Tuesday, 08 December 2020 | Dr Smita Kapoor Grover

Docyard | Watch out for kid eyes

Dr Smita Kapoor Grover is a Consultant Paediatric Ophthalmology and Strabismus at Vision Eye Centres, New Delhi

Eyes are a window to the world and any damage to or weakening of these vital structures especially at a young age can determine the difference between a life of normalcy and fulfillment and a lifetime of misery and dependence. From the time of birth to early childhood and adolescence, eye care for children must be a special focus of families and paediatricians. Yet, India has the dubious distinction of not only having the largest number of blind in the world, but also possibly the largest number of blind children with estimates ranging between 1.6 to 2 million. Although blindness in children is a reflection of general health and nutritional deficiencies, there are many eye-related conditions arising either congenitally or due to complications during birth that lead to a child turning blind.

Traditionally, corneal clouding and scarring were considered the most common causes of childhood blindness in India. Studies in the early 2000s concluded that refractive errors constituted the biggest cause of childhood blindness followed by retinal degenerations, corneal opacities, congenital eye anomalies and amblyopia in that order. More importantly, it was treatable refractive error that constituted one-third of the cases of blindness among children. One-sixth cases were due to preventable causes such as Vitamin A deficiency and amblyopia post-cataract surgery.
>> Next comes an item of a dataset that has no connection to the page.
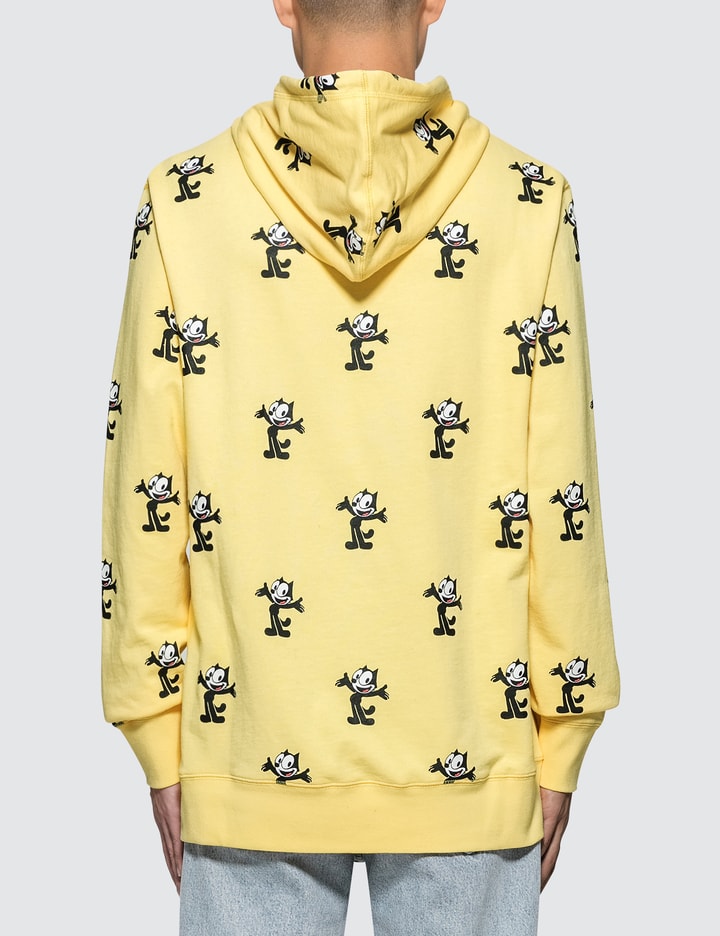 Felix Allover Print P/O Hoodie Placeholder Image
The remaining cases of childhood blindness were found to be a result of congenital eye anomalies and retinal degeneration. Another study has found myopia to be the cause of one-third of refractive error cases followed by astigmatism and hypermetropia.

Although there is no treatment yet available for gene-related ocular conditions such as microphthalmos and anophthalmos which lead to blindness in children, refractive errors can indeed be treated and therefore any possible blindness on account of them can be staved off. Mere timely introduction of corrective glasses or lenses for children depending on the degree of severity can go a long way in preventing blindness among nearly one-third of children impacted. Similarly, nutritional blindness among children can be averted by timely administration of Vitamin A doses to children according to their age.
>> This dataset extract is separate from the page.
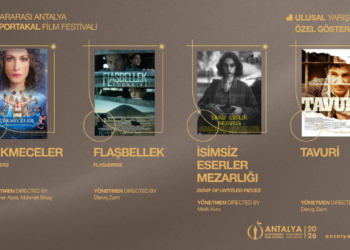 Altın Portakal’da Ulusal Yarışma Dışı Filmler Açıklandı!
Deficiency of Vitamin A can lead to a range of eye conditions: from xerophthalmia (incapacity to produce tears) leading to severe dryness of the cornea and conjunctiva and nyctalopia (night blindness) to keratomalacia (clouding and softening of the cornea) which can lead to corneal rupture and permanent blindness. Congenital cataract can cause blindness but this can be prevented if treatment is undertaken at an early stage. After surgical removal of cataract, use of spectacles and patching can reverse the amblyopia.

Given the enormity of the problem, blindness among children can be addressed at the following levels.
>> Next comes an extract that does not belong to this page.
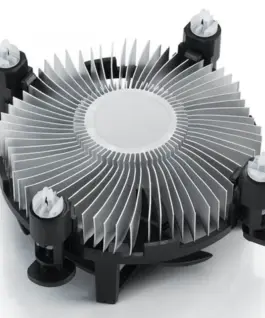 Alternative view от DeepCool Охладител CPU Cooler CK-11509 - LGA775/LGA1150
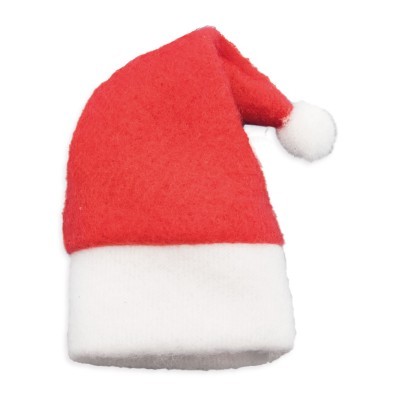 Mini gorro de navidad personalizado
First, at the family level, parents must be able to identify early signs of a disorder in the eye. It is known that children have uncoordinated eyes or cross eyes at birth. This is because it takes time for coordination between eyes to develop. However, if there is persistence of cross eyes, parents must visit a paediatric ophthalmologist. Cross eyes can be corrected by spectacles, exercises or surgery. In terms of preventive treatment, timely Vitamin A supplements should be administered to children as well as mothers post-delivery and children should be immunised against measles. Food rich in Vitamin A, leafy vegetables and milk must be consumed. Also, it is better to avoid any home treatment without consulting an ophthalmologist.